Wilbur’s intrinsic correction as he transforms Molière is of the alexandrine couplet, the basic metrical unit of classical French verse. Wilbur changes the twelve-syllable line to iambic pentameter, which in a way is capable enough, but the wit of the couplet is not so easily preserved. Wilbur notes this as a challenge, and he meets it and succeeds again and again. Because the iambic pentameter line is accentual-syllabic and the French alexandrine is syllabic, it is possible to bring more attention to a rhyme’s rightness even within incongruity, because of stress. In The Bungler (Molière’s L’Étourdi), a planned abduction is foiled when a chamber pot is emptied on the abductors’ heads. The French emphasizes the knowledge of discovery and the need for escape. The scene itself is at least as old as Chaucer and as contemporary as Swift. The leader of the would-be abductors, Léandre, exclaims:

Fi! cela sent mauvais, et je suis tout gâté.
Nous sommes découverts, tirons de ce côté.

But Wilbur’s translation adds to the haplessness of the plotters and their puzzlement, psychologically.

Oh no, I’m soaked! And what an awful stink!
Let’s go, my friends; they’re on to us, I think.

That rhyme, “stink/think,” is a palpable conjoining of scents and sensibility.
 
It is also interesting to note that Wilbur’s translations of Racine’s stately speeches are as apt as his translations of Molière’s racy repartee. In his translations of Racine’s Phaedra and Andromache, Wilbur can carve a beating heart out of marble. But he sounds less comfortable revealing their tragic hubris than he does exposing the silliness of Molière’s comic characters. Wilbur the poet actually resembles Molière in ways that he does not resemble Racine or Corneille, the classical tragedians of the French seventeenth century. If we can discover the poet Wilbur in Molière’s comedy it would be in the restoration of stability, once some conniver or hypocrite is revealed, rather than the depredations of tragedy. This is not to say that the pathos of tragedy is absent from Wilbur’s poems, but it is usually part of the natural world. Wilbur’s poignant poem “The Death of a Toad” gives us the garden creature, dying under a bush, as he dreams of “lost Amphibia’s emperies.” And “Beasts,” one of the best poetic mirrors between the natural and human world, ends by imagining “Navies fed to the fish in the dark / Unbridled waters.” These horrors are, of course, the work of “suitors of excellence” whose imaginations make “such dreams for men / As told will break their hearts as always.” If Molière were writing in England in his own time, he would be thought of as a Restoration playwright, malgré lui. And Wilbur’s courtliness gives us as close as we have to a cavalier or Restoration poet, more Robert Herrick, though, than the Earl of Rochester. Wilbur’s translations of Molière allow us to enjoy a satirical view of seventeenth-century France through the idiom of twentieth-century American English.
 
Nevertheless, Wilbur himself demands that even his translations be set in their periods. In his introduction to The Learned Ladies, he reveals a reactionary side in response to his own contemporary society.

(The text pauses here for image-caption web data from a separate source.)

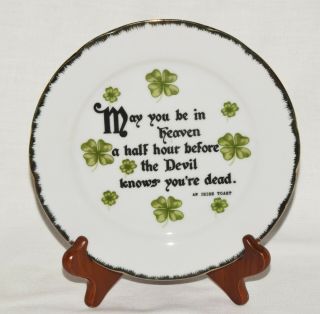 Irish Toast Plate " May You Be In Heaven Before Devil Knows You 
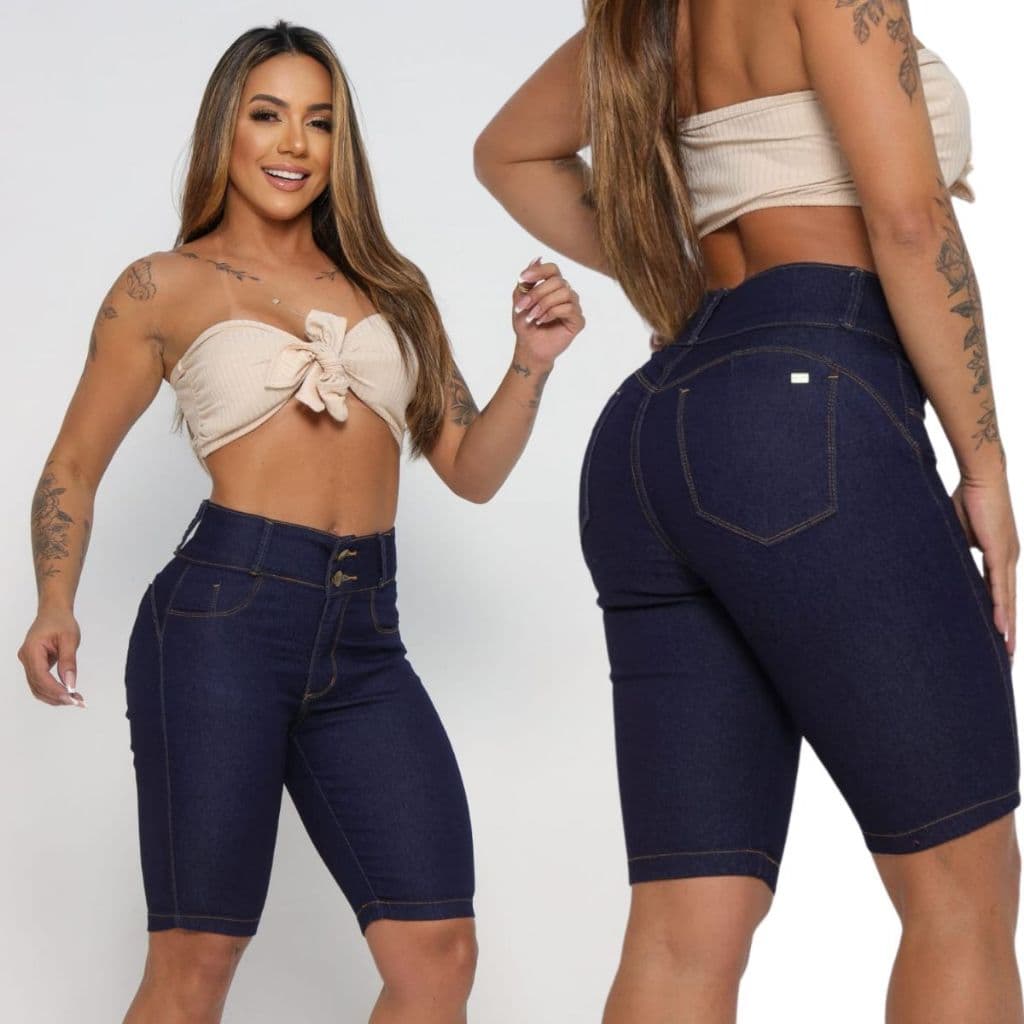Short Jeans Bermuda Ciclista Feminino, Bermuda Meia Coxa Jeans Cintura Alta Com Lycra ate o joelho
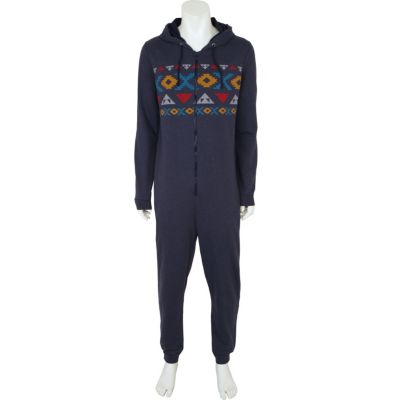 Mens blue aztec hooded onesie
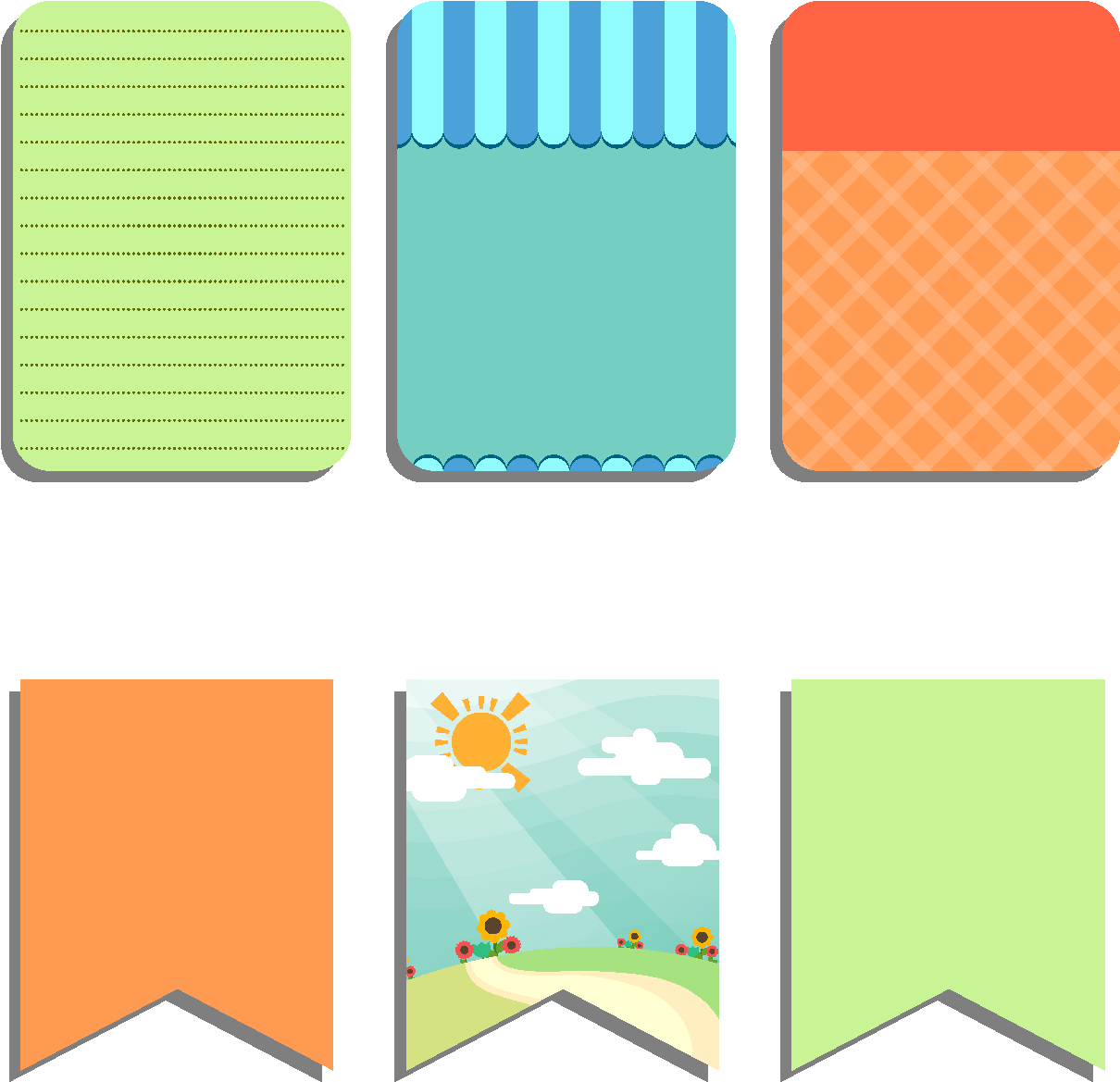 Cartoon Colorful Paper Elements - Mobile Device (1772x1378), Png Download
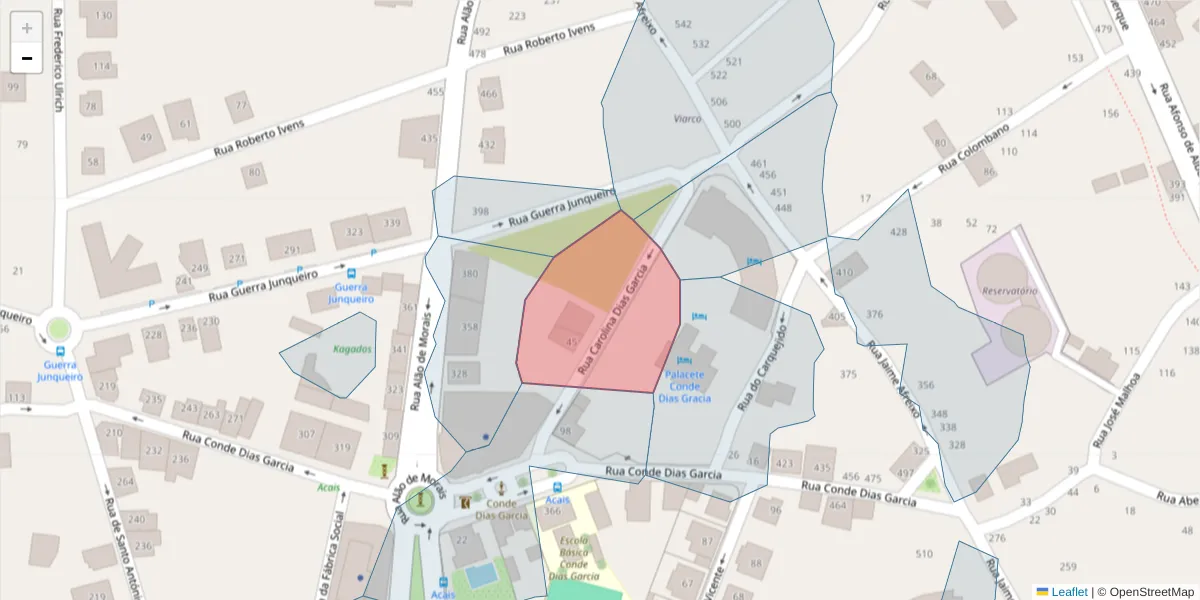 Mapa detalhado do código postal 3700-077 com limites, códigos postais vizinhos e agências dos correios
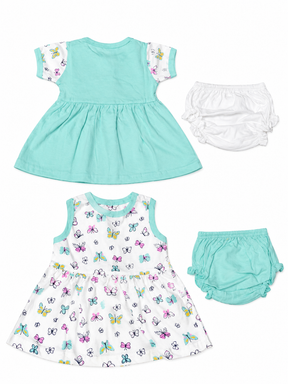 Baby Girls Frock Combo Set of 2 with Bloomers |  Butterfly Printed Cotton Frocks | Cute Summer Dress Set for Baby Girls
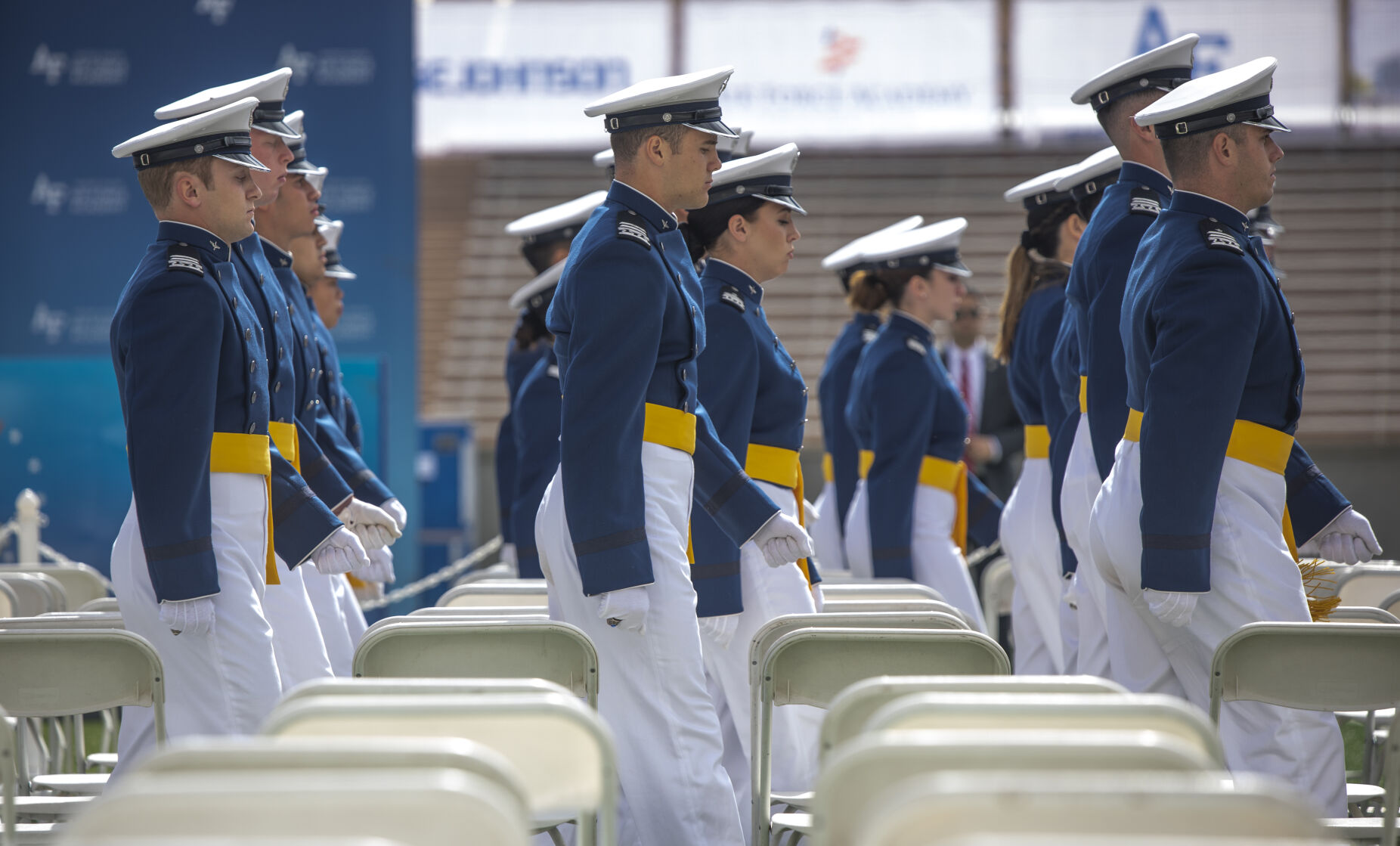 Graduating Cadets gain a new stripe at the U.S. Air Force Academy Class of 2023 Graduation at Falcon Stadium on the U.S. Air Force Academy campus in Colorado Springs, Co., on Thursday, June 1, 2023. The graduation featured special guest speaker US President Joe Biden and a flyover by the Blue Angels alongside the special day for 919 graduating cadets. (GabiBroekemaPhoto Interngabi.broekema@gazette.comhttps://secure.gravatar.com/avatar/9aa2a13da1acfaa50410cb37bf21fdb1?d=mm&r=g)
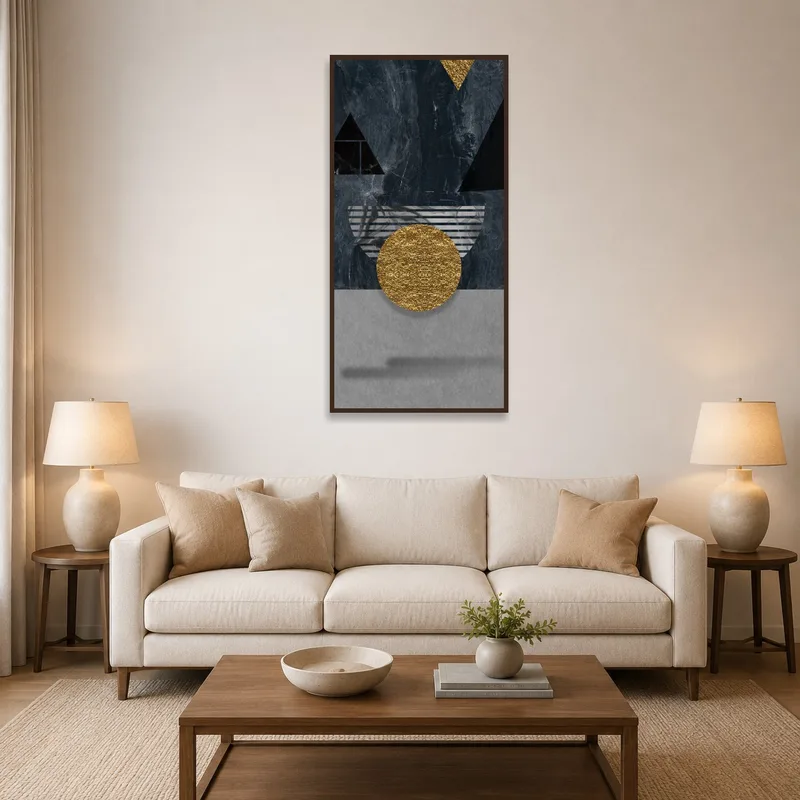 Geometric Sophistication in Dark Hues art print above a modern living room sofa.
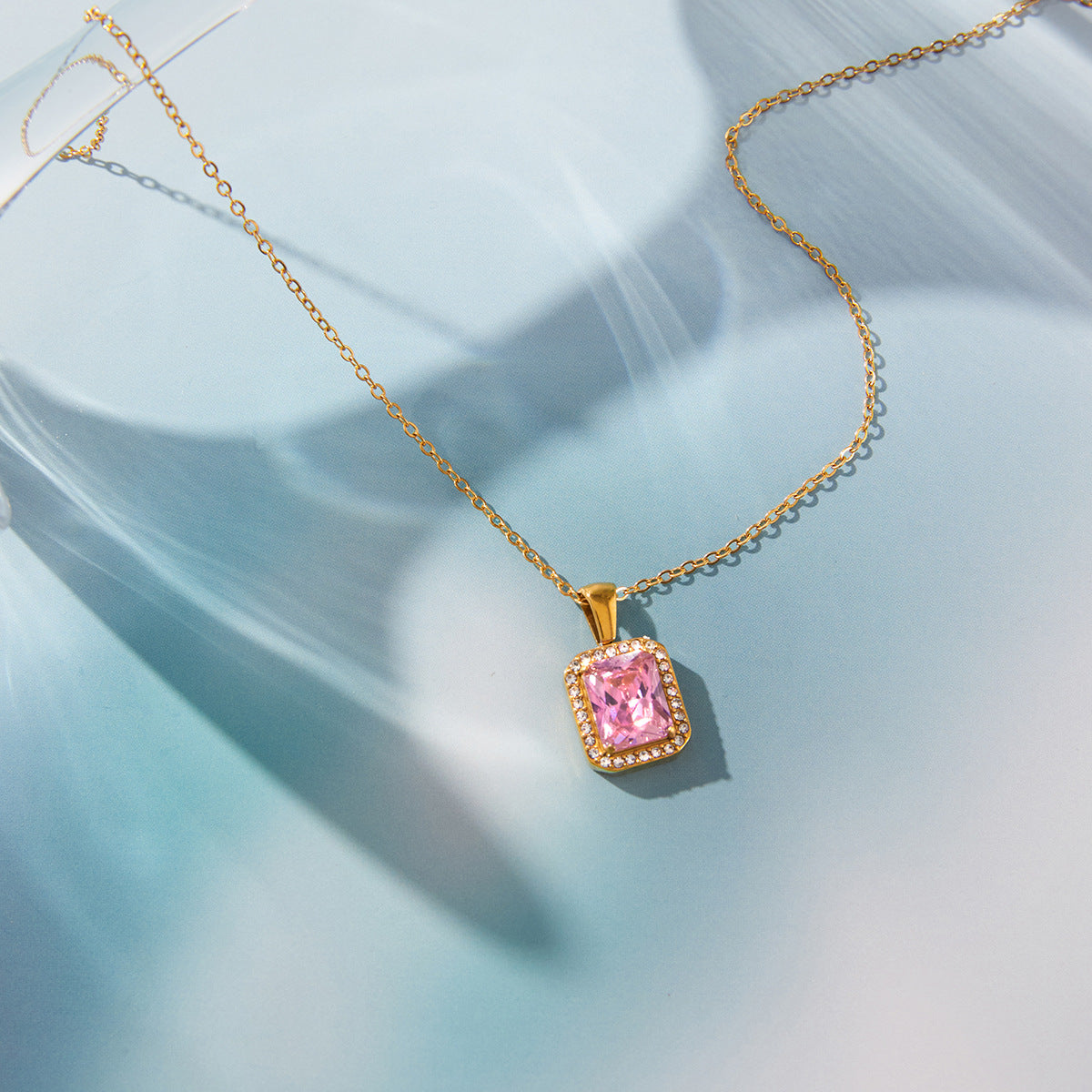 Stainless Steel Pink Cubic Zirconia Pendant Necklace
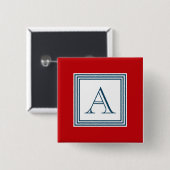 Monogram ontwerp vierkante button 5,1 cm (Voorkant /achterkant)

I hope that no presenter of this new translation will wish, by means of contemporary costume and set, to attempt a violent conflation of Molière’s drama with the current women’s movement. And I hope that all readers of this text will envision it in a just historical perspective . . . and every nuance of this excellent comedy will then be there to be seen.

This, along with a dismissive remark about “our youth culture” and its insistence on telling it like it is, sounds a bit like a curmudgeonly middle-aged college professor’s frustration with his students in the 1960s. I will only say that one cannot successfully limit the nuances of any great piece of art as it moves from its own time into the future. You can remind a contemporary audience of the play’s historical context and its impact on its original audience, but its meaning will be redetermined again and again, even for classics like Molière’s.
 
Reading Wilbur’s poetry against his work in Moliere’s plays, there are opportunities aplenty to hear sentiment and temperament of one in the other. When the well-meaning schemer, Mascarille, in The Bungler, who is simply courting on his master Lélie’s behalf exclaims, “Long live chicanery and artifice!” we can find in many of Wilbur’s poems something similar, at least with regard to artifice. Celebrating his own pattern-making imagination, in “An Event,” Wilbur describes birds assembling for migration and compares them to all sorts of things, say, “a drunken fingerprint across the sky!” And continues, “Delighted with myself and with the birds, / I set them down and give them leave to be.” Both Molière and Wilbur dabble constructively with creation and set it free. Wilbur himself, with regard to his The School for Wives, praises Molière’s recognition of “Spontaneity versus automatism, life’s happy refusal to conform to cranky plans and theories . . .” In The School for Wives, Arnolphe’s decision to raise his ward Agnès to be his faithful spouse is one such plan. Wilbur’s “Speech for the Repeal of the McCarran Act,” the McCarthy era law meant to identify subversives, especially Communists, argues against the law as a failure of imagination:

Shall one man drive before him ten
Unstrung from sea to sea? Let thought be free. I speak
Of the spirit’s weaving, the neural
Web, the self-true mind, the trusty reflex.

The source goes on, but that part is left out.